The storm was set to depart the region late Thursday, with very cold temperatures arriving overnight. Boston and many other districts cancelled school for Friday.
Midday high tides on Thursday brought the tide levels in Boston and elsewhere to their highest marks in decades.
The flooding, which was worse than forecasters expected, led Newburyport to call in the National Guard to help evacuate people from Plum Island, and it created some dramatic images and videos:
In addition to the flooding, the storm brought high winds and more than a foot of snow in some areas, with frigid temperatures set to follow it.
"With the eventual temperature drop behind the storm it creates a situation that's actually dangerous," WBUR meteorologist David Epstein wrote in his morning forecast. "That's why the storm's getting so much attention — because of the wind and cold, not because we're going to see record-breaking snowfall."
Still, Epstein predicted about a foot of snow for most of eastern Massachusetts, with smaller amounts on Cape Cod and the Islands.
As of 4 p.m. Thursday, Boston had nearly a foot of snow, with higher amounts just west and south of the city:
But the Cape and Islands saw higher winds. Gusts of 75 miles per hour were recorded in Wellfleet and on Nantucket Thursday morning.
Outages were a concern all along the coast, especially in southeastern Massachusetts. Nearly 20,000 customers were without power as of 6 p.m. Thursday.
On Friday, the MBTA is planning to run regular service on its subways and buses, and on the commuter rail. Many buses were on snow routes Thursday, and the commuter rail ran limited service. Ferry service will remain closed on Friday.
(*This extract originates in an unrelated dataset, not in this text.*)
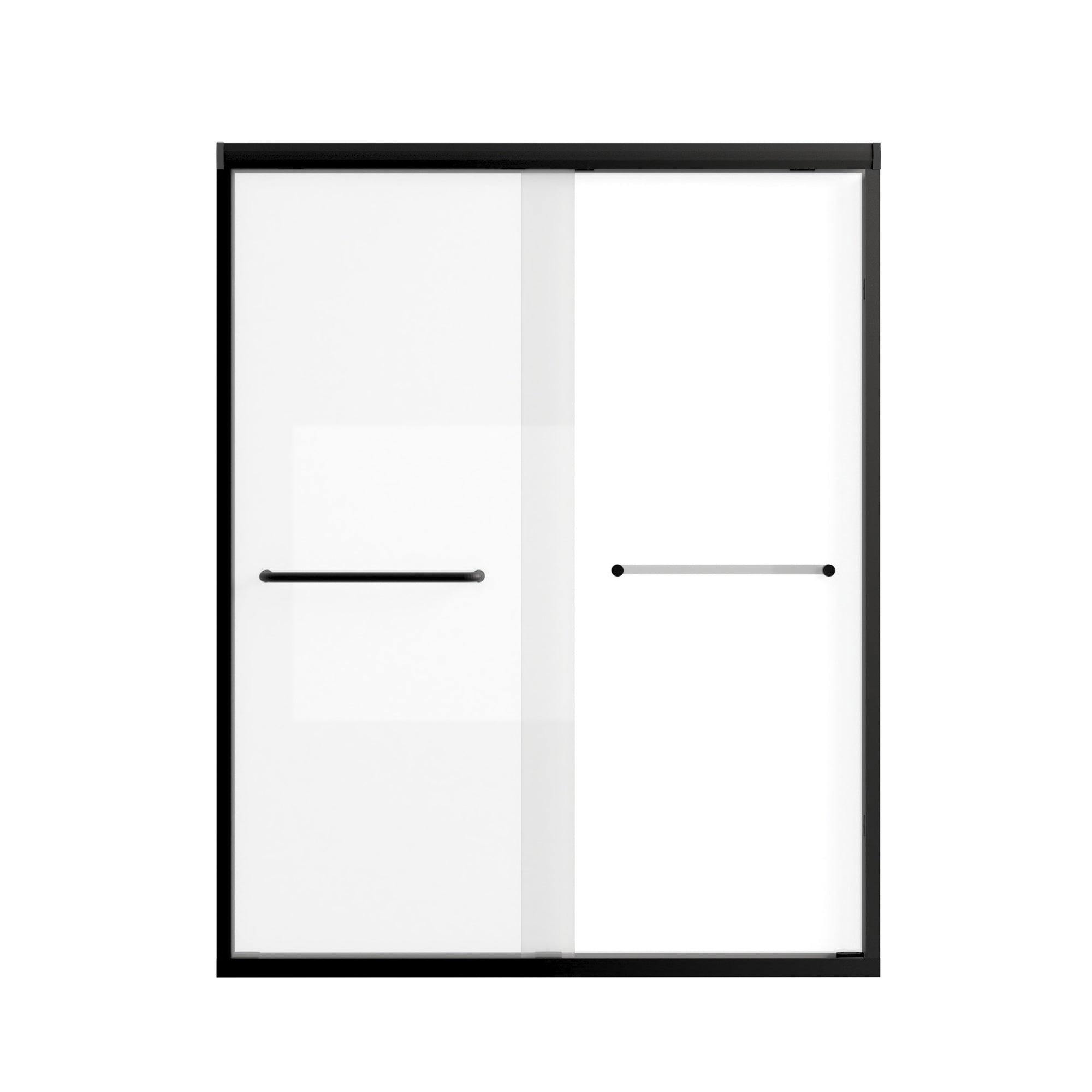 Modern Matte Black Aluminum Frame Double Sliding Shower Door, 56-60in x 72in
Gov. Charlie Baker had asked residents to stay off the roads Thursday.
"We're all hardy New Englanders but it's pretty important for everybody to pay attention and be prepared for the impacts of this storm," Baker said.
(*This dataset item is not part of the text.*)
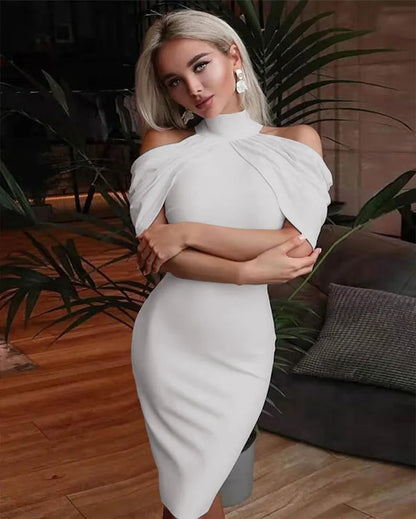 Solid Halter Off Shoulder Hip Package Bodycon Work Dress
The speed limit on the Massachusetts Turnpike was lowered to 40 miles per hour early Thursday.
Jim Quinn was headed into work as a paramedic when he stopped at the Natick rest area on the Pike to clean off his windshield. He said it took him an hour to get from Worcester to Natick.
"It's rough going," he said. "If I wasn't having to go to work I wouldn't be on the road. [There are] not a lot of plow trucks out there, but it's going faster than they can keep up with it."
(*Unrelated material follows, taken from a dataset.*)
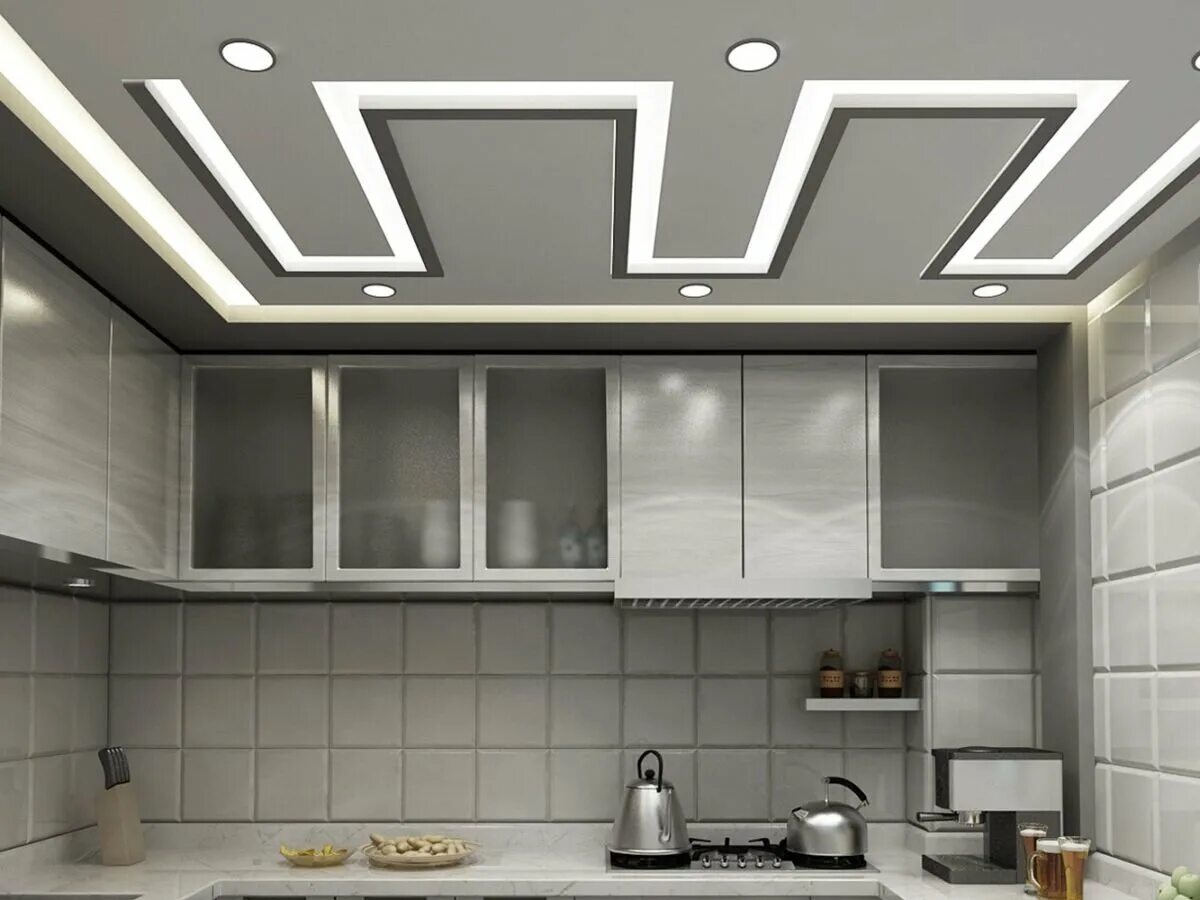 Кухня потолок гипсокартон дизайн фото Двухуровневый потолок из гипсокартона на кухне - 64 фото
The governor said the state was in contact with utilities in preparation for outages.
"That combination of very high winds and wet snow, followed by extremely cold temperatures, could lead to power outages," Baker said early Thursday, "which we will closely monitor and have currently planned to have utility crews staged and ready to respond to outages."
State officials stressed residents should take care to stay safe and warm during the storm, offering safety tips.
Schools across the state closed Thursday as well, including in Boston.
"Friday night and Saturday we're going to have very cold weather — below zero," Boston Mayor Marty Walsh said. "So it's important for us that we get this snow off of the ground as best we can [Thursday], because once the freeze comes in, it will be almost impossible to move the ice that will be formed."
The mayor also warned residents that they'll be ticketed for failing to shovel sidewalks. Boston is one of many communities with a parking ban in effect.